● What needs to be done
Go through the entries below and say how many lines hold the word "Pants". Nothing else is needed.

● Input for this task
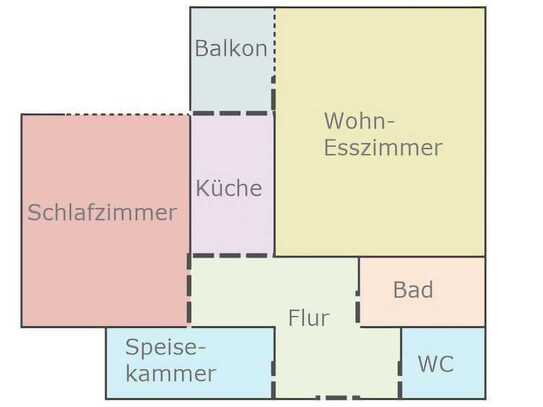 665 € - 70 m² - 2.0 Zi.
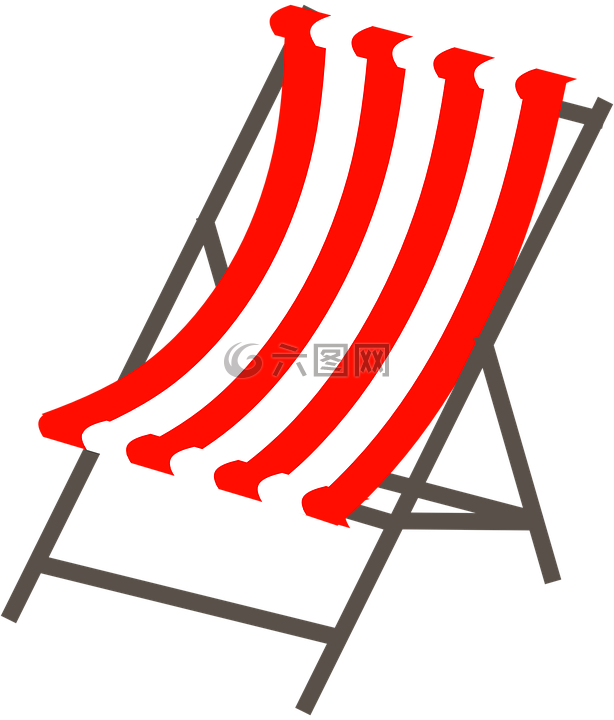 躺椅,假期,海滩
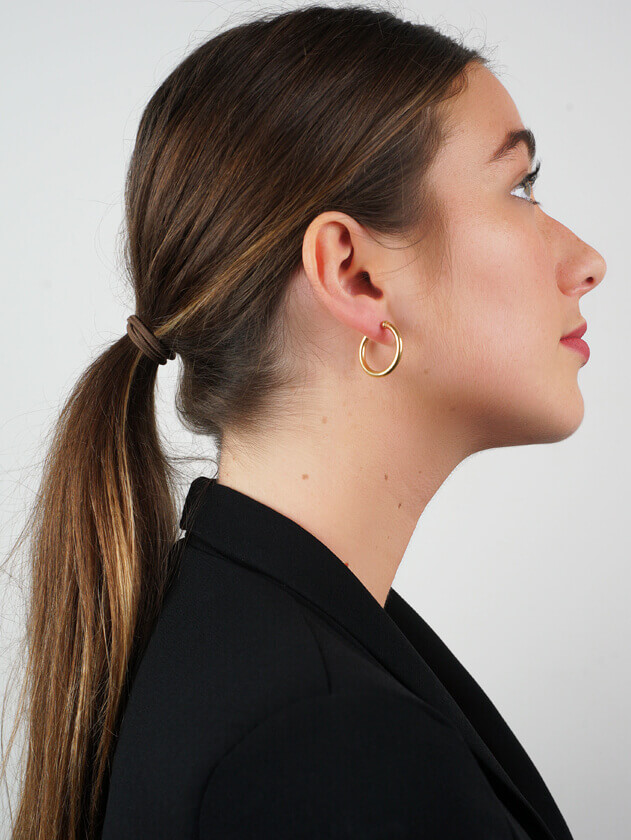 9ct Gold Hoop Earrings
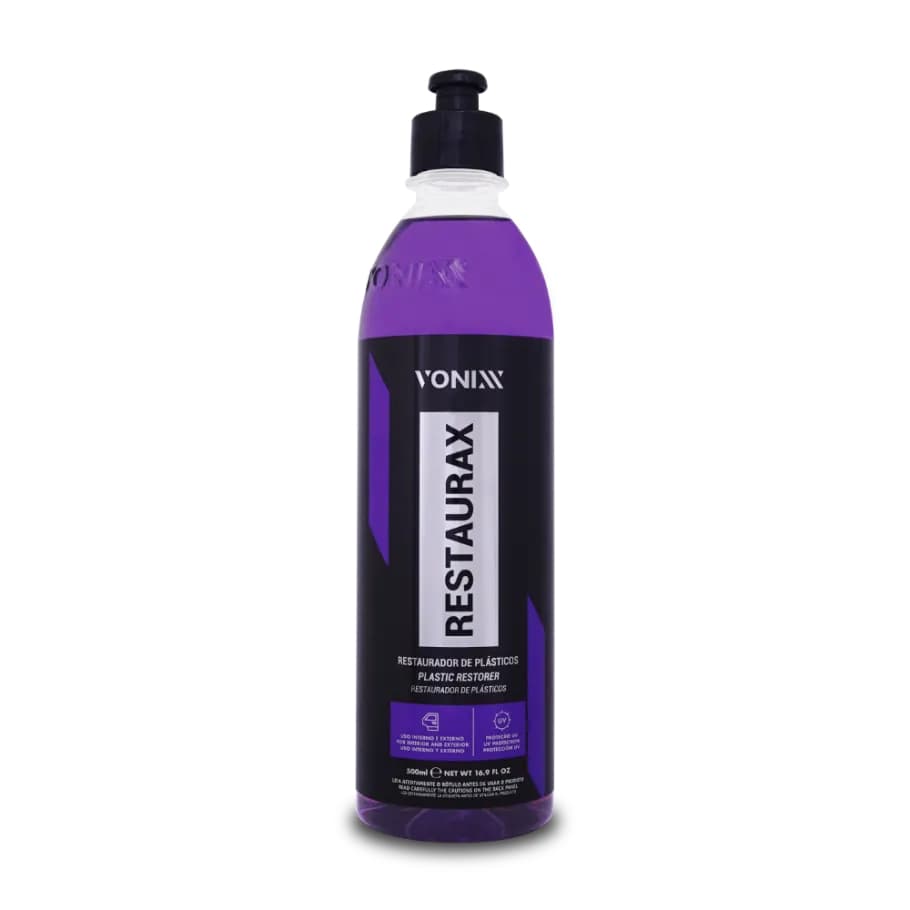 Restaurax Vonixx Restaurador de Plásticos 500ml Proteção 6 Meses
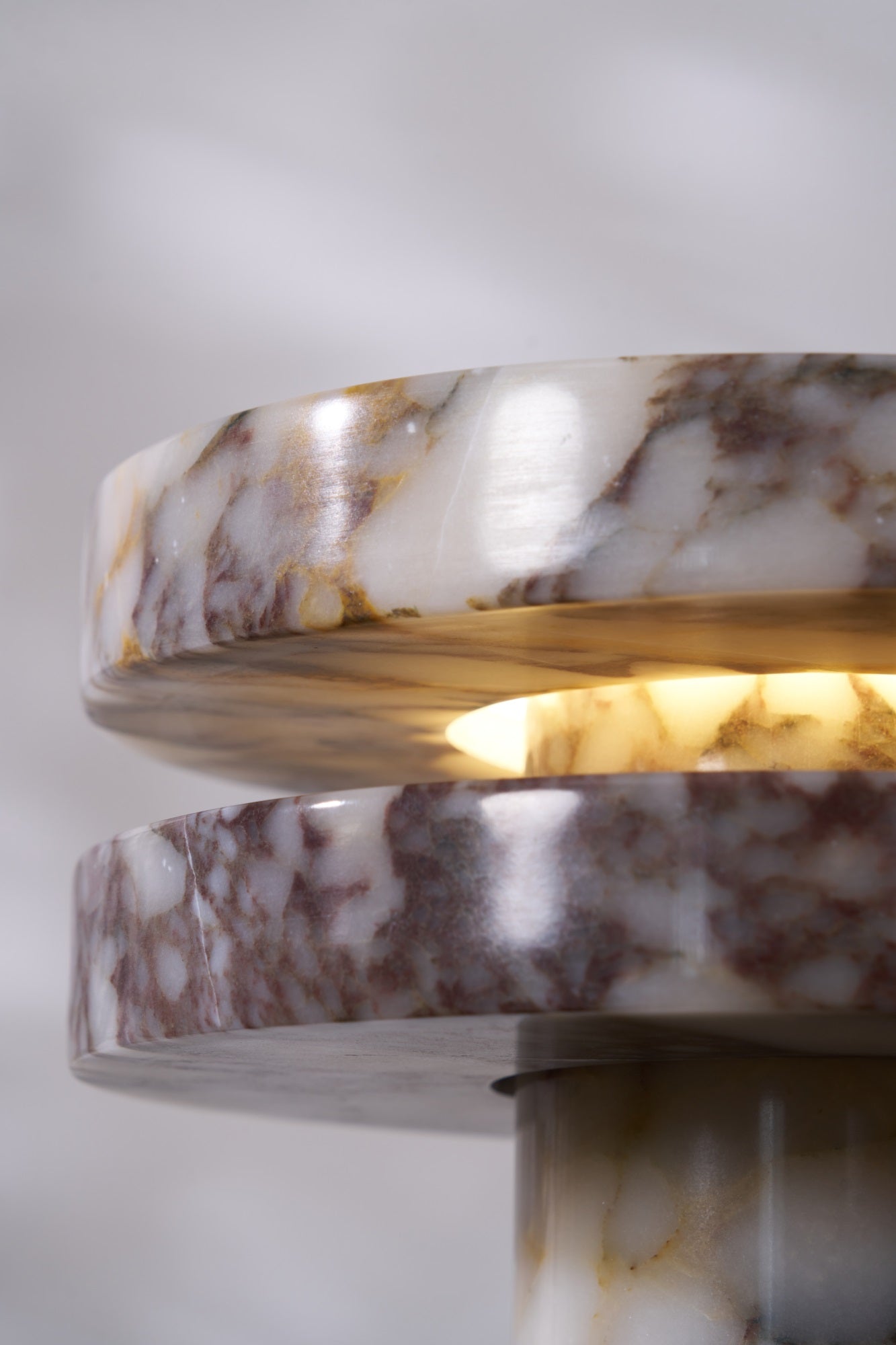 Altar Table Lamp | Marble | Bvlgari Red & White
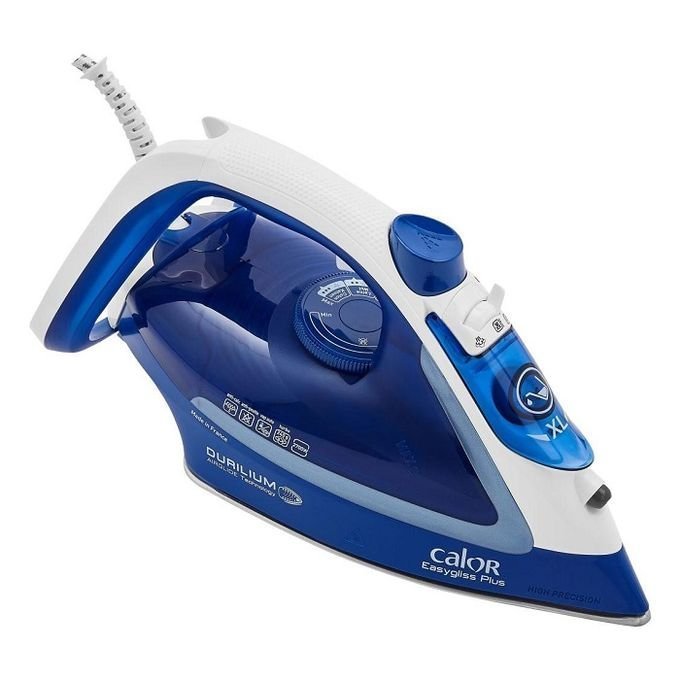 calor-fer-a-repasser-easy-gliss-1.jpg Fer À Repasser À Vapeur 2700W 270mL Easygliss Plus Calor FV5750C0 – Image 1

---

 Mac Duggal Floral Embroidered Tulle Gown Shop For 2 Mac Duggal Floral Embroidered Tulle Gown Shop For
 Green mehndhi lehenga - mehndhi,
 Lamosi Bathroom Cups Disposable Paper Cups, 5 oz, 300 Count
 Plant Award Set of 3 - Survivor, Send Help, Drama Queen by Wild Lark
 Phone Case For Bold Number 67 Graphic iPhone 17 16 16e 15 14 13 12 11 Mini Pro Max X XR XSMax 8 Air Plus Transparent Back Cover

==

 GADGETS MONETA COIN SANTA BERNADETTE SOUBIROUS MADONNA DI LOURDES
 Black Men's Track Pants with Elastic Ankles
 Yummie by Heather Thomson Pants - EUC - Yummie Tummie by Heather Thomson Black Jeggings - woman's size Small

● Task output
2